Remix.run Logo
bjackman 2 days ago

If you think the org that produced the hardware might have backdoored it, architecting your software to avoid the TPM or whatever is dumb. Targeting Google HW at all is an unavoidable act of complete trust so you might as well use the HW properly.

Also, why would Google bother backdooring their special HW when 99.999% of its users are anyway gonna be running a totally Google-controlled proprietary SW stack?

perching_aix 2 days ago | parent [-]

> Targeting Google HW at all is an unavoidable act of complete trust

Doesn't the existence of FHE downgrade that to just "complete practical trust" at least? Not that I know of it being employed, but that it could be, and that it may be worth shouting out exactly cause of how niche and impractical it is.

bjackman 2 days ago | parent [-]

We are talking about hardware here so ultimately you need to trust some manufacturer, software algorithms don't help.

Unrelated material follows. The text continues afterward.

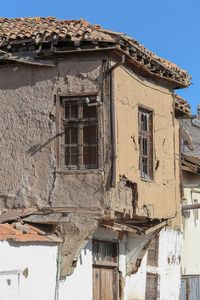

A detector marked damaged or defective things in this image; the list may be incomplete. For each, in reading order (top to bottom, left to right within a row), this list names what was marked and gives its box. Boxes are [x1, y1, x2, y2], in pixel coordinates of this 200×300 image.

With SEV-SNP and Intel TDX I think it's possible to build a hardware platform that doesn't require the user to trust the OEM although they still need to trust at least one large American tech company that controls the root of trust.

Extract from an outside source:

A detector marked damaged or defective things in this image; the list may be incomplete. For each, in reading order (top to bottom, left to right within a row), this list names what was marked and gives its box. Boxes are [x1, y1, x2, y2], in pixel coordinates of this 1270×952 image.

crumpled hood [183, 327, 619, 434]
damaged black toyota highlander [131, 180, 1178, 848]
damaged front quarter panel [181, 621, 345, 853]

But I don't think this is ever gonna happen for consumer devices. AFAIK it's only sorta kinda happened for any real-world platforms at all (but maybe someone can correct me).

Ultimately if your threat model includes Google as a potential adversary, and you are not in control of nuclear weapons, you are gonna have to make some serious sacrifices to achieve security IMO. Smartphones are out. (Actually, I guess if you trust China you have a way forward).